Into the Deep Part 1: My Depression Story

I’m a reserved, private person. I don’t easily share intimate details about myself so this is a plunge into the deep for me. But as the bone-chilling waters of exposure and vulnerability wash over my body, I’m okay. I’m okay because I know without a doubt that this transparency is needed in order to help someone step away from the edge of despair.

I battle depression and anxiety. At first, I had a tough time accepting this because it’s important to me to be a strong mentally, physically, spiritually and emotionally. These self-concepts I’ve established are not only how I choose to be, but they are directly influenced by my gender, my culture and my faith.

As of a result of misunderstanding what depression is, when I first sought treatment, I made some bad and very dangerous choices. I refused to consistently take medication and was argumentative with my therapist, who eventually had no choice but to kick me out of his practice.

In the African-American community, and I also believe among men, depression and other types of mental health challenges are considered signs of personal weakness. My experience as a Christian told me depression was proof of spiritual weakness or demonic possession or oppression. Not only that, but I’ve seen people excuse their bad behavior, poor decision-making and lack of motivation as products of depression or some other convenient mental illness. Everything in and around me was saying that this “depression” wasn’t — it couldn’t be real — and if it was, it was my fault.

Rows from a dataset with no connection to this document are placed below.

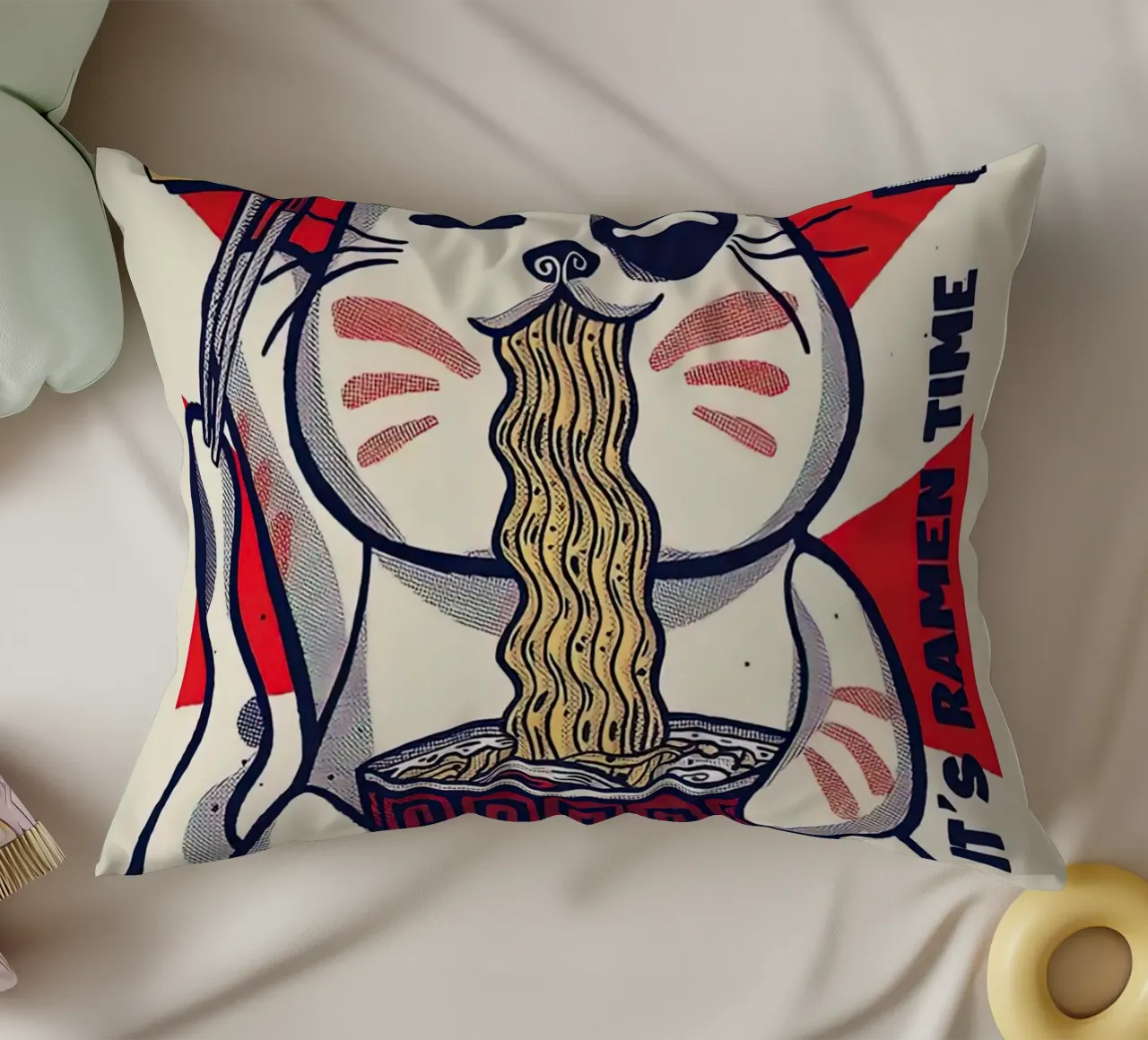 Japanese Cat Great Neko Ramen Wave decorative cushion by Michel Studio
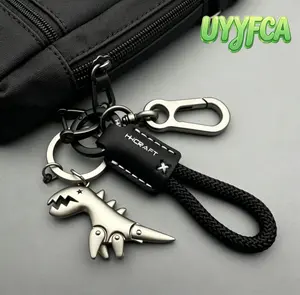 Dinosaur Metal Keychain With Leather Braided Rope, Durable Bag Charm And Car Key Holder, Stylish Men's Accessory, Versatile Pendant For Backpack, Motorcycle, Daily Carry And Gifting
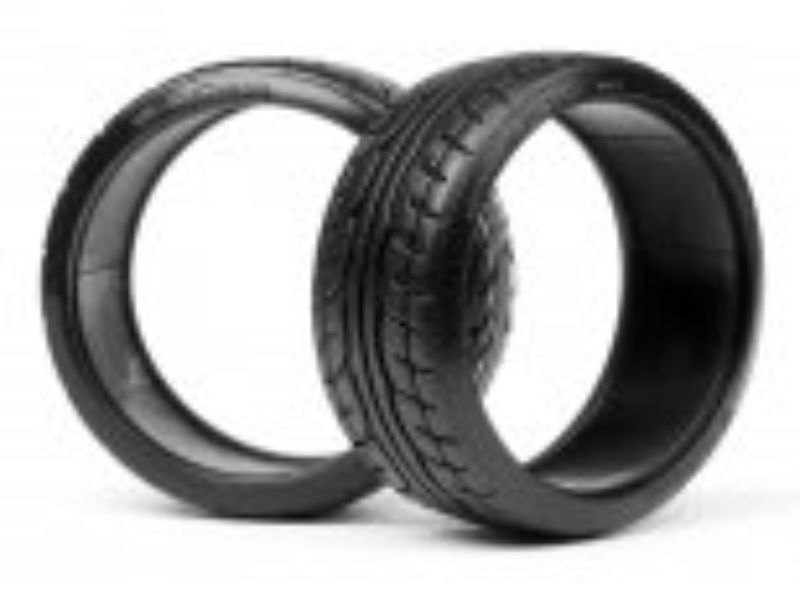 HPI Racing DriftNeova 26mm Tyres for RC cars, featuring a realistic tread for optimal drifting and easy installation without foam inserts.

I did everything I could from praying to pumping iron but to no avail. There were weeks when I would only sleep 2 to 3 hours each night and days when I couldn’t find strength to take a shower or get out of bed. Worst of all, I started to feel shame. The shame caused me to attack and alienate my closest friends. I isolated myself, which is the last thing anyone struggling with depression should do. In this isolation, I fantasized about dying. I wasn’t suicidal, but I fixated on the possibility of an early death. It was the only way I thought I could be free — free most of all from the shame.

Eventually, with the support of my brother-friends, I got help. It took a long time for me to accept the fact that I was struggling with depression. The diagnostic tools didn’t give me the type of concrete evidence I needed to satisfy my intellect and figuring out the proper medications required tedious trial-and-error, which often left me saying to myself, “Percevial, this is proof that nothing’s wrong.” Now I’ve come to understand, that like other parts of the body, the brain can and does malfunction. Having a mental health illness doesn’t make me crazy, not seeking help, now that’s crazy.

I’m proof that it’s possible to successfully manage a mental health illness. I endure seasons of struggle, but I manage; sometimes victory is just managing. Now I realize that it wasn’t the depression that was stealing my life. It was the shame. I won’t say that I don’t feel shame anymore–that would be a lie, but I now know shame is a trick of pride and ego. If not checked, pride can cause us to live lives of sorrow trying to keep up appearances that no one of true value even cares about.

Depression is real. If you wrestle with it, you’re NOT weak. If you’re struggling, don’t let shame or ignorance opinions keep you from getting help.